If you generate a packet with a CRC that is deliberately invalid, this function fails and everything gets rejected. A common tactic by programmers for signalling failure is to have a function return a bool. If they are using the standard calling convention, a function that returns a bool would put the bool into the EAX register upon function completion...
So I generated a fake packet with an intentionally invalid CRC and stepped out of the function, and I was welcomed with a EAX=0! My guess was correct - they are returning a bool from this function. Somewhere in there, a failure was being encountered. I figured this must be a generic function of some sort that handles all packet functions - and one of the functions calculates the CRC. And, assuming this also uses the bool convention, I just needed to figure out which function within this function was causing it to return false!
It was a guess, but it turned out to be the winner. Single stepping through this function and ONLY watching for the assembly instruction call, I determined which function call was causing the main function to abort:
004935f1 e8cc120600 call image00400000+0xf48c2 (004f48c2)
004935f6 3b06 cmp eax,[esi]
004935f8 59 pop ecx
004935f9 59 pop ecx
The really interesting part here was the two "pop" instructions: They pop the values 0x006b0f62 and 0x0188. The first address points to our packet just beyond the CRC and the second value is the length of our packet without the CRC! We all know a CRC algorithm needs access to the memory, and it needs to know how many bytes should be analyzed - coincidence?
This function was doing something with our packet, and that something was failing. Stepping into this function, I put a memory access breakpoint on our packet so I could stop at the exact point that it is messing around with our data:
ba r4 006b0f62
The very first breakpoint hit was incredible to see: Some sort of loop, iterating over each byte of our packet. It was 10 simple instructions:
004f48cd 8b4c2404 mov ecx,[esp+0x4]
004f48d1 0fbe0c0a movsx ecx,byte ptr [edx+ecx]
004f48d5 33c8 xor ecx,eax
004f48d7 42 inc edx
004f48d8 81e1ff000000 and ecx,0xff
004f48de c1e808 shr eax,0x8
004f48e1 8b0c8d804b5c00 mov ecx,[image00400000+0x1c4b80 (005c4b80)+ecx*4]
004f48e8 33c1 xor eax,ecx
004f48ea 3b542408 cmp edx,[esp+0x8]
004f48ee 7cdd jl image00400000+0xf48cd (004f48cd)
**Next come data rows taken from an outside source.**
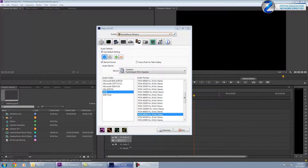What's going on everybody, Running 1011 here for Zefx Education. Today I want to bring you a quick little tutorial on how to get your audio from your DXStory video clips that you record into Premiere, because they don't just pull in natively.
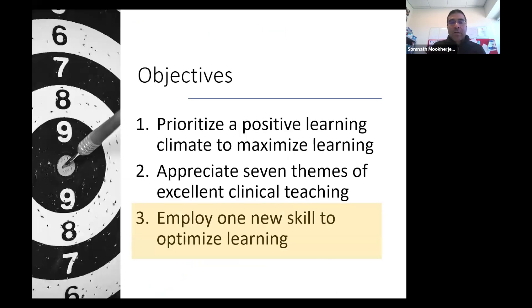So those were the objectives. We're now on to the third objective: to employ one new skill to maximize learning. Let's end with that — if you can take it.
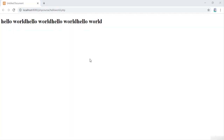I hope you understand how the hello world program works in PHP programming. If you find any problems regarding this lecture, please let me know, and thanks for watching.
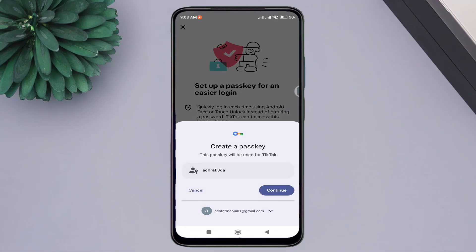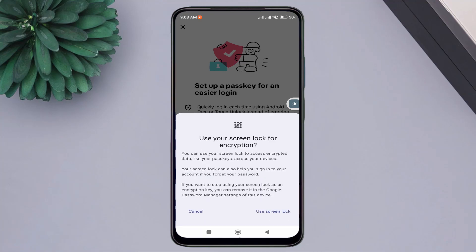Now you can create a password for your account that will be directly stored in your Google account. Click Continue, then use your phone's lock screen.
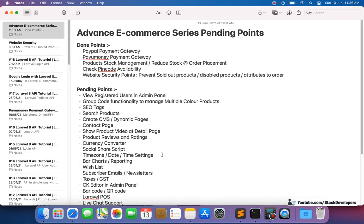Hello everyone, welcome to part 170 of the Advanced E-com Series in Laravel 8. We are going to continue working on our pending points. You can see these are our done points — we have done PayPal payment gateways, product stock management, pin code availability, and recently website security points.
What does this assembly mean? I read C++ better, so I wrote up pseudo C++ code:
(1) ecx = esp+4
(2) ecx = *(ecx + edx)
(3) ecx ^= eax
(4) edx++
(5) ecx &= 0xff
(6) eax >>= 8
(7) ecx = *(0x005c4b80 + ecx*4)
(8) eax ^= ecx
(9) if *(edx) < *(esp+8), goto (1)
(10) else, done
After stepping through a couple of times, I determined the following:
eax = current crc
esp+4 = beginning of packet, past crc
esp+8 = length of packet (0x188=392 bytes)
edx = counter, like in a for(;;) loop
005c4b80= address for some sort of table w/32 bit values... i'm guessing 256 of them
After sending a valid packet, I determined these 10 lines of code to be the exact CRC algorithm we were looking for.
Quod Erat Demonstrandum
I was happy, and there was much rejoicing. (yay!)
Conclusion
Reverse engineering is not necessarily about stepping through millions of lines of assembly code and figuring out what each line is doing... It can be as simple as setting up clever breakpoints!